WORLD

The future of AI relies on a high school teacher’s free database

Christoph Schuhmann in Hamburg, Germany, on Thursday. When Schuhmann isn’t teaching physics and computer science to German teens, he works with a small team of volunteers building the world’s biggest free AI training data set, which has already been used in text-to-image generators such as Google’s Imagen and Stable Diffusion. | BLOOMBERG

By Aggi Cantrill and Marissa Newman
Bloomberg

Apr 24, 2023

In front of a suburban house on the outskirts of the northern Germany city of Hamburg, a single word — "LAION” — is scrawled in pencil across a mailbox. It’s the only indication that the home belongs to the person behind a massive data gathering effort central to the artificial intelligence boom that has seized the world's attention.

That person is high school teacher Christoph Schuhmann, and LAION, short for "Large-scale AI Open Network,” is his passion project. When Schuhmann isn’t teaching physics and computer science to German teens, he works with a small team of volunteers building the world’s biggest free AI training data set, which has already been used in text-to-image generators such as Google’s Imagen and Stable Diffusion.

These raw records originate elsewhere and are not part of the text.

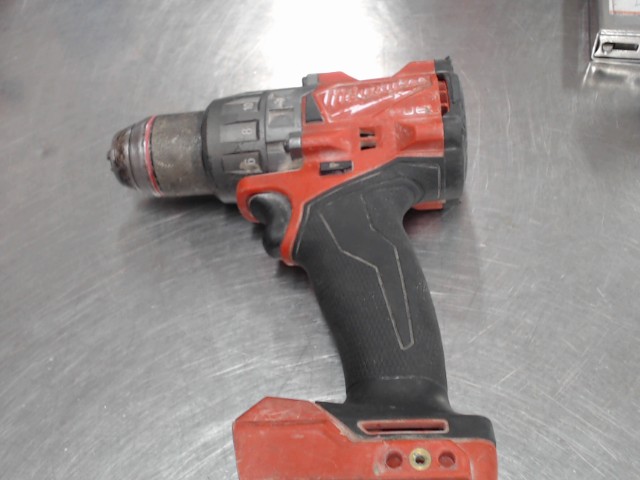 Drill 18v no batt/chrg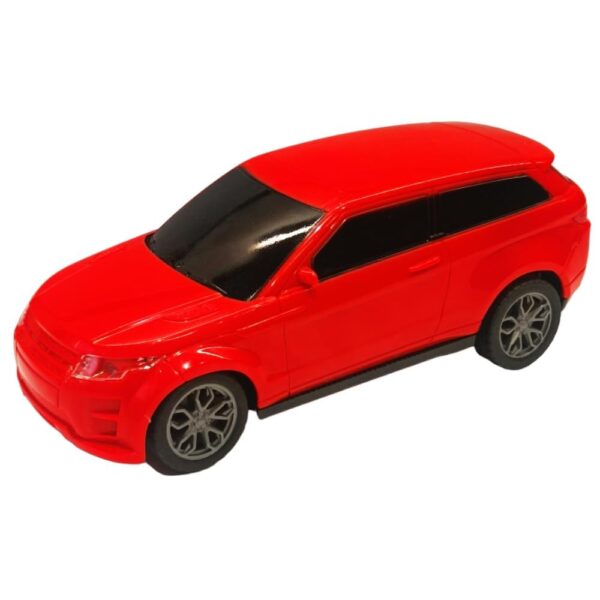 Kid Kraze® Rechargeable Remote Control Car Toy - Lithium Rechargeable Battery, Amazing Wheel Rotation, Easy to Control, Strong Material and Scratch Resistant (Red) - Image 4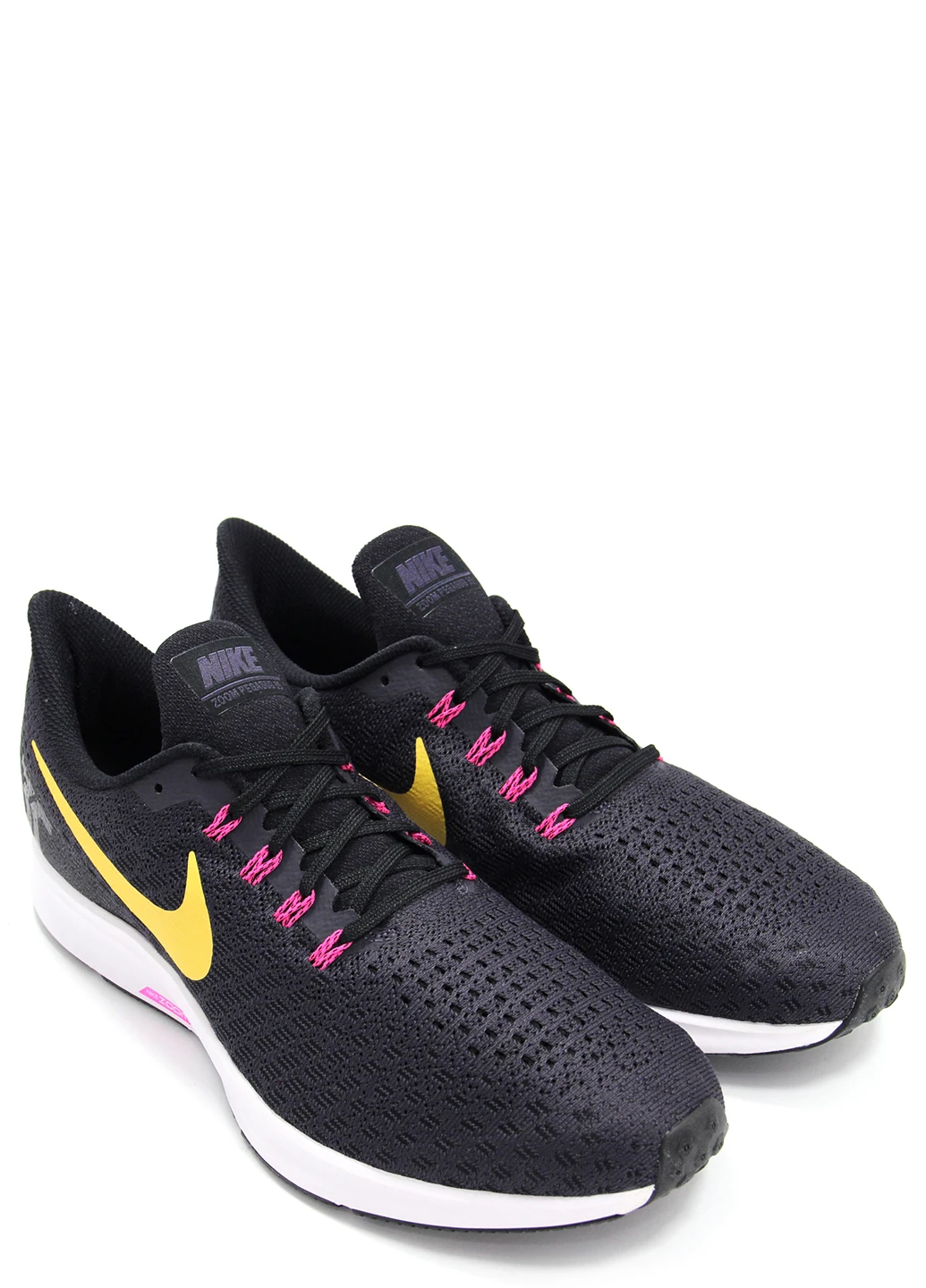 Черные демисезонные мужские кроссовки air zoom pegasus 35 942851-008 Nike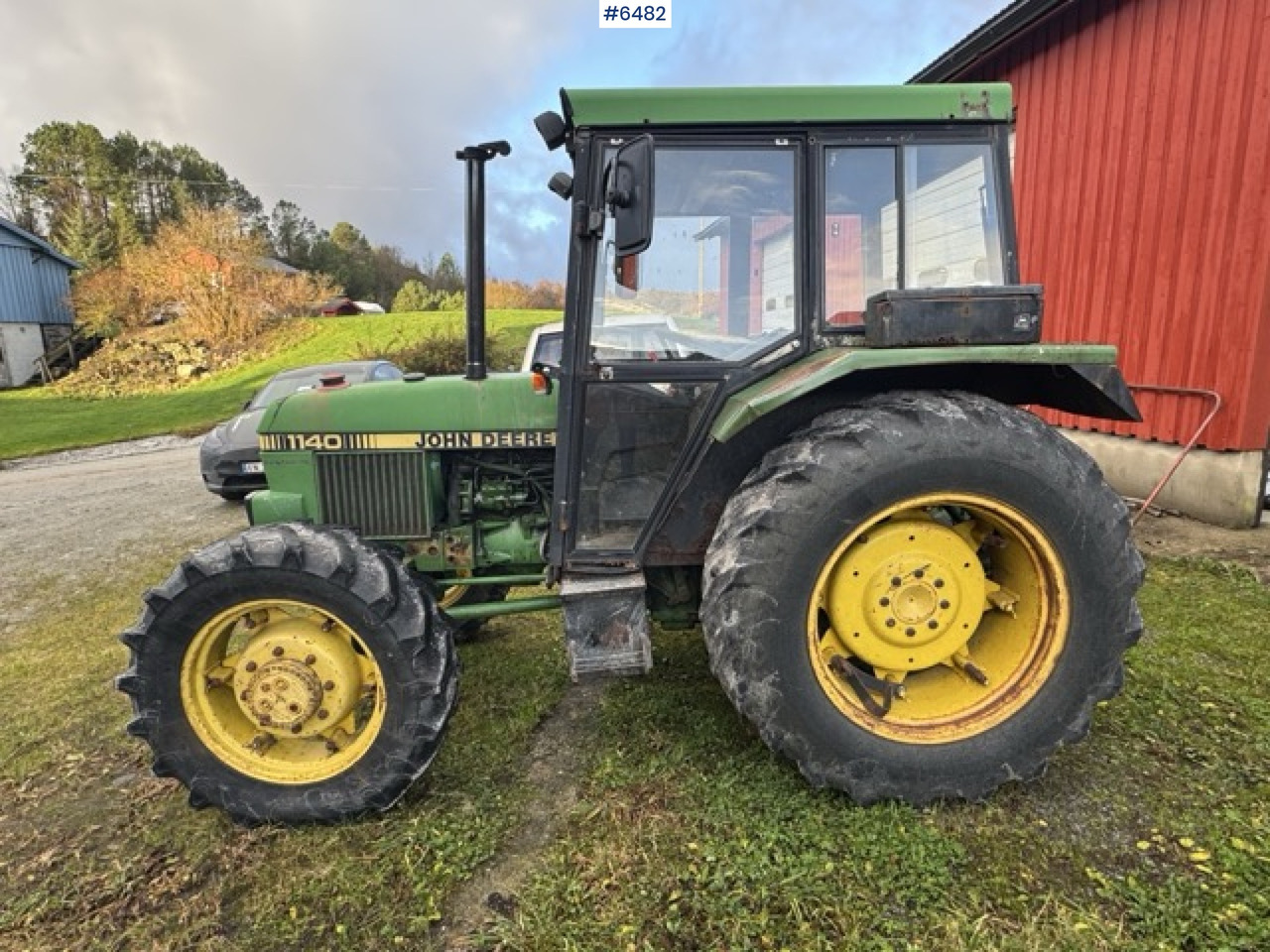 1983 John Deere 1140. WATCH THE VIDEO! - Traktors: foto 4 1983 John Deere 1140. WATCH THE VIDEO! - Traktors: foto 4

Databases like LAION are central to AI text-to-image generators, which rely on them for the enormous amounts of visual material used to deconstruct and create new images. The debut of these products late last year was a paradigm-shifting event: It sent the tech sector’s AI arms race into hyperdrive and raised a myriad of ethical and legal issues. Within a matter of months, lawsuits had been filed against generative AI companies Stability AI and Midjourney for copyright infringement, and critics were sounding the alarm about the violent, sexualized and otherwise problematic images within their datasets, which have been accused of introducing biases that are nearly impossible to mitigate.